Submitted to arXiv on 24 Mar. 2021

Ask questions about this paper to our AI assistant

You can also chat with multiple papers at once here.

The license of the paper does not allow us to build upon its content and the AI assistant only knows about the paper metadata rather than the full article.

AI assistant instructions?

Results of the summarizing process for the arXiv paper: 2103.13009v1

This paper's license doesn't allow us to build upon its content and the summarizing process is here made with the paper's metadata rather than the article.

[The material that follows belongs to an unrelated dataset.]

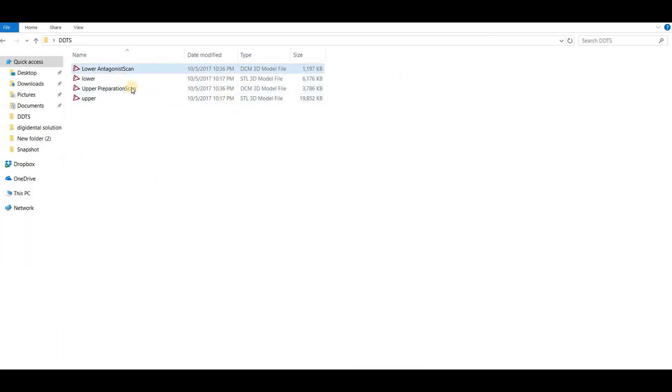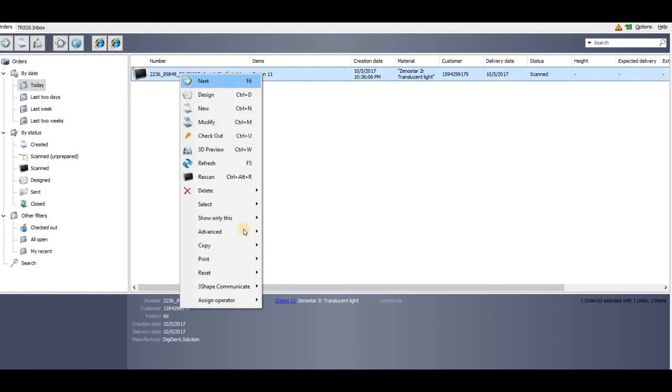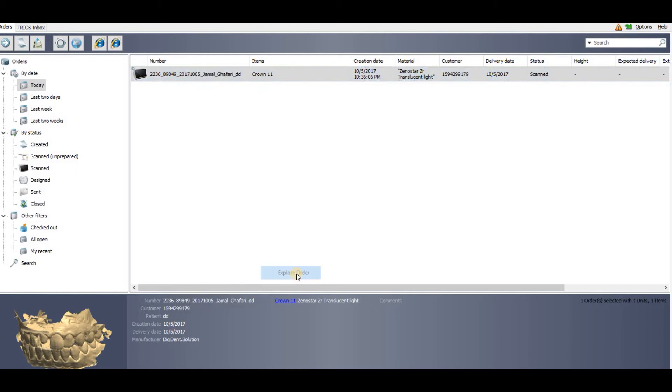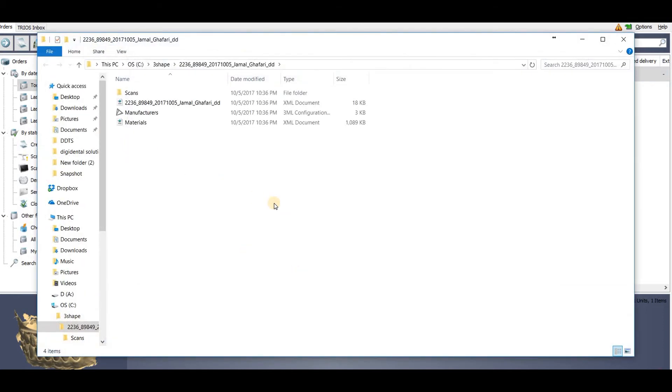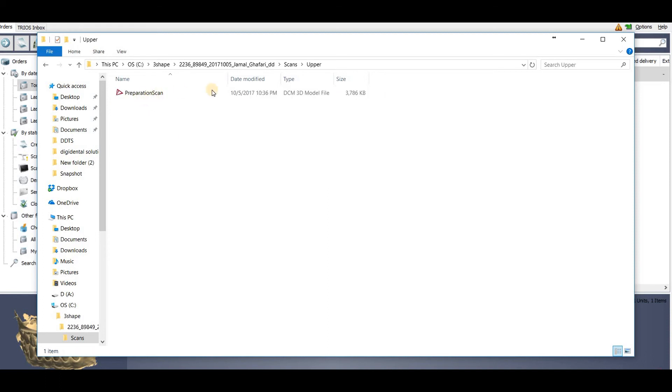Another way: you have to just right-click, go to the advanced menu and explore order. In explore order you will find the scans, and in scans you will find the upper and lower folders. In the upper folder you will find the upper model DCM file, and in the lower you will find the lower model.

In the realm of artificial intelligence, achieving commonsense reasoning has long been considered a daunting challenge. However, recent advancements in research have sparked a renewed interest in this area, fueled by the emergence of new benchmarks and models. In a groundbreaking study titled "UNICORN on RAINBOW: A Universal Commonsense Reasoning Model on a New Multitask Benchmark," authors Nicholas Lourie, Ronan Le Bras, Chandra Bhagavatula, and Yejin Choi propose innovative approaches to evaluating commonsense models. The first approach introduced is the RAINBOW multitask benchmark, designed to assess the ability of commonsense models to generalize across various tasks and datasets. This benchmark aims to drive research towards developing models that exhibit robust performance across diverse scenarios. Additionally, the authors put forth a novel evaluation method called the cost equivalent curve, which provides valuable insights into how different factors such as source datasets, pretrained language models, and transfer learning techniques impact model performance and data efficiency. Through an extensive series of experiments encompassing over 200 trials with 4800 models, the researchers uncover several noteworthy findings. They observe that transfer learning consistently leads to improved or comparable performance when following specific guidelines. Furthermore, they discover that question-answering-based commonsense datasets demonstrate strong transferability among themselves, whereas commonsense knowledge graphs do not exhibit similar behavior. Surprisingly, their results also reveal that larger models tend to benefit more from transfer learning compared to smaller ones. Notably, the study culminates in the introduction of UNICORN – a universal commonsense reasoning model that achieves state-of-the-art performance across eight prominent commonsense benchmarks. These benchmarks include aNLI (87.3%), CosmosQA (91.8%), HellaSWAG (93.9%), PIQA (90.1%), SocialIQa (83.2%), WinoGrande (86.6%), CycIC (94.0%), and CommonsenseQA (79.3%). The success of UNICORN underscores its capability to excel in diverse commonsense reasoning tasks and solidifies its position as a leading model in this rapidly evolving field. In conclusion, this comprehensive study not only advances our understanding of commonsense AI but also sets new standards for evaluating and developing robust commonsense reasoning models with broad applicability across multiple domains and tasks.
Created on 19 Mar. 2025

Assess the quality of the AI-generated content by voting

Score: 0

Why do we need votes?

Votes are used to determine whether we need to re-run our summarizing tools. If the count reaches -10, our tools can be restarted.

Similar papers summarized with our AI tools

Navigate through even more similar papers through a

tree representation

Look for similar papers (in beta version)

By clicking on the button above, our algorithm will scan all papers in our database to find the closest based on the contents of the full papers and not just on metadata. Please note that it only works for papers that we have generated summaries for and you can rerun it from time to time to get a more accurate result while our database grows.

Disclaimer: The AI-based summarization tool and virtual assistant provided on this website may not always provide accurate and complete summaries or responses. We encourage you to carefully review and evaluate the generated content to ensure its quality and relevance to your needs.